How much does alternative data cost? In our Getting the Price Right series, we leverage our unique position in the industry and our proprietary data on pricing to shed some light on this topic. This 3Q22 update of our 2Q20 and 2Q19 analysis provides fresh insight into the state of alternative data pricing.
The cost of using alternative data remains a frequently addressed topic amongst both data buyers and sellers.
By analysing some of the metadata we have compiled on datasets, we can provide insights on the following frequently asked questions:
- How much do datasets cost?
- Which factors influence the price of a dataset?
- Are funds willing to pay the price?
In this 3Q22 update, we:
- Refresh our data to find out whether the answers to the above questions have changed since 2Q20
- Provide additional analysis on the changes we’ve seen in pricing trends.
HOW MUCH DO DATASETS COST?
A constant trend: lower-cost datasets dominate
As mentioned in our original analysis of alternative data pricing, a common misconception is that useful alternative data is overwhelmingly expensive. In reality, datasets are more likely to fall within lower price brackets ($25k up to $150k per year) than the most expensive price brackets (more than $150k per year).
The chart below shows the number of Neudata-covered datasets available within each annual subscription price bracket. This demonstrates the dominance of lower-cost datasets.
Number of datasets by annual subscription price (USD) as of September 2022
So, what does the data tell us about trends in pricing?
The chart below demonstrates the changes we’ve seen in pricing based on the percentage of datasets within each price bracket over time. The dominance of datasets priced below $150k per year is not a new trend, but simply a continuation of the state of pricing in 2018.

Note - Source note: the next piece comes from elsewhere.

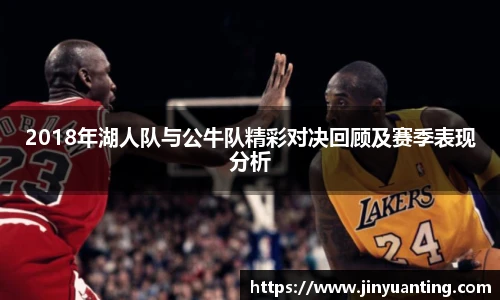 2018年湖人队与公牛队精彩对决回顾及赛季表现分析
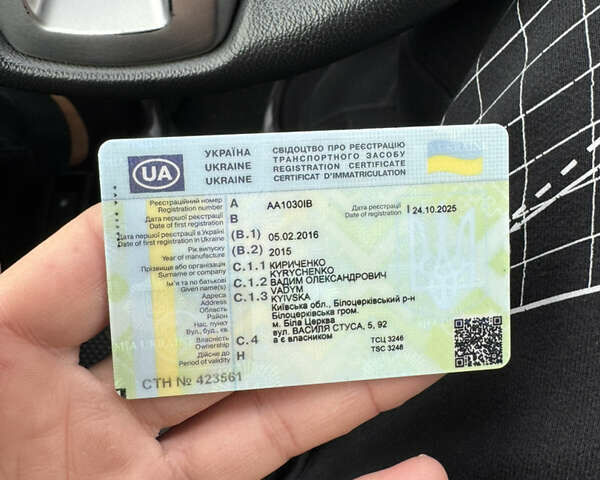 Серый Субару ХВ, объемом двигателя 2 л и пробегом 73 тыс. км за 13800 $, фото 51 на Automoto.ua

% of datasets by annual subscription price (USD) – a comparison over time
General trends over time have, however shown an increase in datasets that are free or less than $25k per year. Additionally, we have seen a continued reduction in datasets priced above $500k per year.
Notably, compared with May 2020, we have seen an increase in datasets priced between $51k and $150k per year. Previously, we had seen a downward trend for datasets in this bracket. The increase here could be explained by the significant reduction in the number of datasets at higher price points. Moreover, it is likely this is a price point that providers have maintained their pricing at, which could indicate what clients are willing to pay for certain data types. Similarly, the proportion of datasets within the $26k-50k price bracket has remained largely unchanged.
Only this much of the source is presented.